On 1 February 2013 19:03, Frederic Weisbecker fweisbec@gmail.com wrote:
2013/1/29 Vincent Guittot vincent.guittot@linaro.org:
On my smp platform which is made of 5 cores in 2 clusters,I have the nr_busy_cpu field of sched_group_power struct that is not null when the platform is fully idle. The root cause seems to be: During the boot sequence, some CPUs reach the idle loop and set their NOHZ_IDLE flag while waiting for others CPUs to boot. But the nr_busy_cpus field is initialized later with the assumption that all CPUs are in the busy state whereas some CPUs have already set their NOHZ_IDLE flag. We clear the NOHZ_IDLE flag when nr_busy_cpus is initialized in order to have a coherent configuration.
Signed-off-by: Vincent Guittot vincent.guittot@linaro.org
kernel/sched/core.c | 1 + 1 file changed, 1 insertion(+)
diff --git a/kernel/sched/core.c b/kernel/sched/core.c index 257002c..fd41924 100644 --- a/kernel/sched/core.c +++ b/kernel/sched/core.c @@ -5884,6 +5884,7 @@ static void init_sched_groups_power(int cpu, struct sched_domain *sd)
update_group_power(sd, cpu); atomic_set(&sg->sgp->nr_busy_cpus, sg->group_weight);
clear_bit(NOHZ_IDLE, nohz_flags(cpu));
So that's a real issue indeed. nr_busy_cpus was never correct.
Now I'm still a bit worried with this solution. What if an idle task started in smp_init() has not yet stopped its tick, but is about to do so? The domains are not yet available to the task but the nohz flags are. When it later restarts the tick, it's going to erroneously increase nr_busy_cpus.
My 1st idea was to clear NOHZ_IDLE flag and nr_busy_cpus in init_sched_groups_power instead of setting them as it is done now. If a CPU enters idle during the init sequence, the flag is already cleared, and nohz_flags and nr_busy_cpus will stay synced and cleared while a NULL sched_domain is attached to the CPU thanks to patch 2. This should solve all use cases ?

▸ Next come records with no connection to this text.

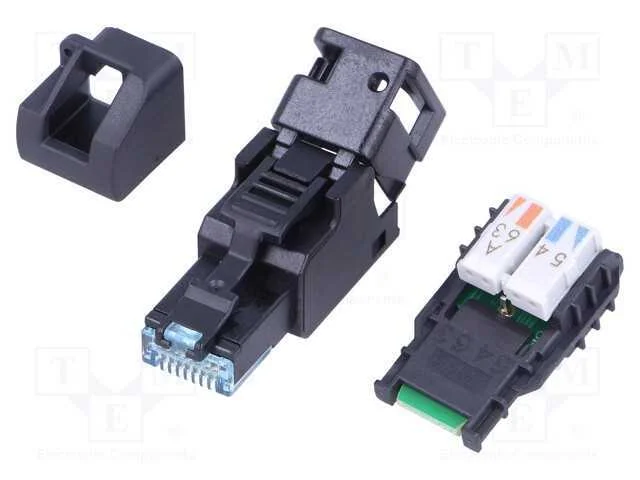 Ficha, RJ45, PIN: 8, Cat: 6a, não blindados,com a.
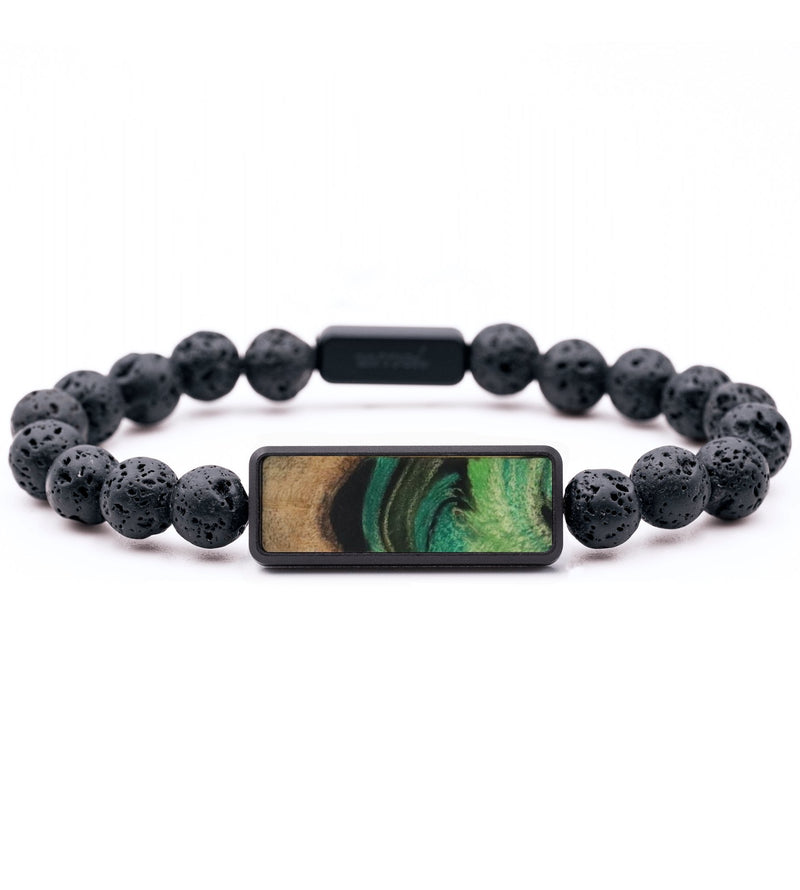 Lava Bead Wood Bracelet - Armani (Green, 816834)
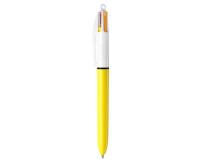 Stylo-bille bic 4 colours sun pointe moyenne 1mm couleurs fun violet/rose/jaune fluo/orange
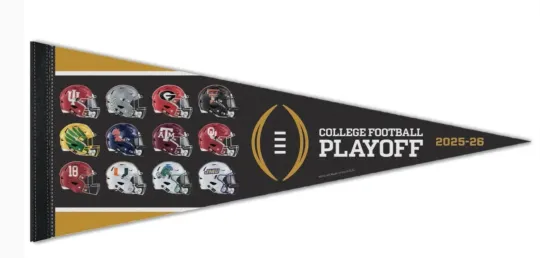 2025-2026 College Football Playoff CFP Field Pennant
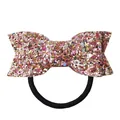 Elastico per capelli con fiocco a coda di rondine di paillettes oro rosa per bambine - Gemma di Neve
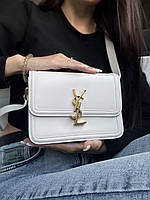 Женская кожаная сумочка ив сент лорен белая Yves Saint Laurent изысканная стильная сумка через плечо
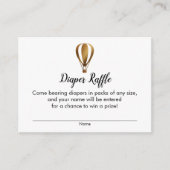 Gold Hete Luchtballon Luier Raffle Ticket Kaarten (Voorkant)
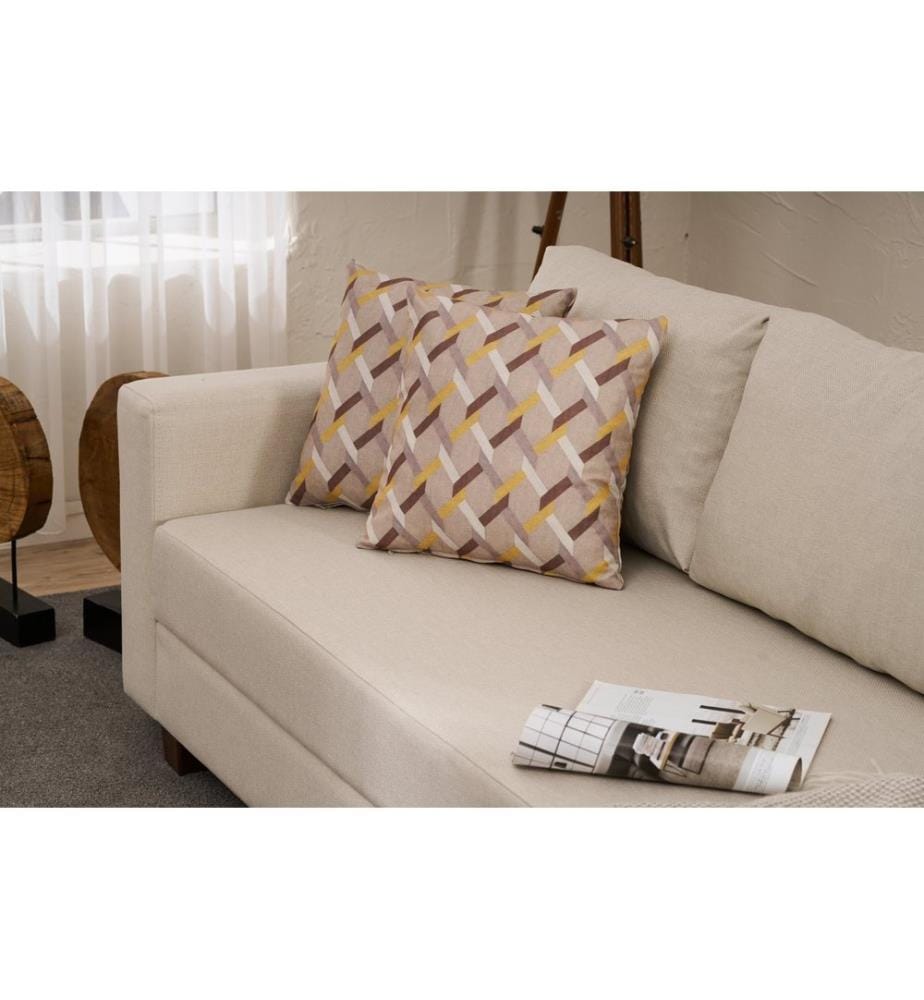 Divano letto 3 posti, crema, struttura: LEGNO / MDF / AGGREGATO, tessuto: 100% POLIESTERE, gambe in plastica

It probably won't happen in practice. But then there is more: sched domains can be concurrently rebuild anytime, right? So what if we call set_cpu_sd_state_idle() and decrease nr_busy_cpus while the domain is switched concurrently. Are we having a new sched group along the way? If so we have a bug here as well because we can have NOHZ_IDLE set but nr_busy_cpus accounting the CPU.
When the sched_domain are rebuilt, we set a null sched_domain during the rebuild sequence and a new sched_group_power is created as well
May be we need to set the per cpu nohz flags on the child leaf sched domain? This way it's initialized and stored on the same RCU pointer and we nohz_flags and nr_busy_cpus become sync.
Also we probably still need the first patch of your previous round. Because the current patch may introduce situations where we have idle CPUs with NOHZ_IDLE flags cleared.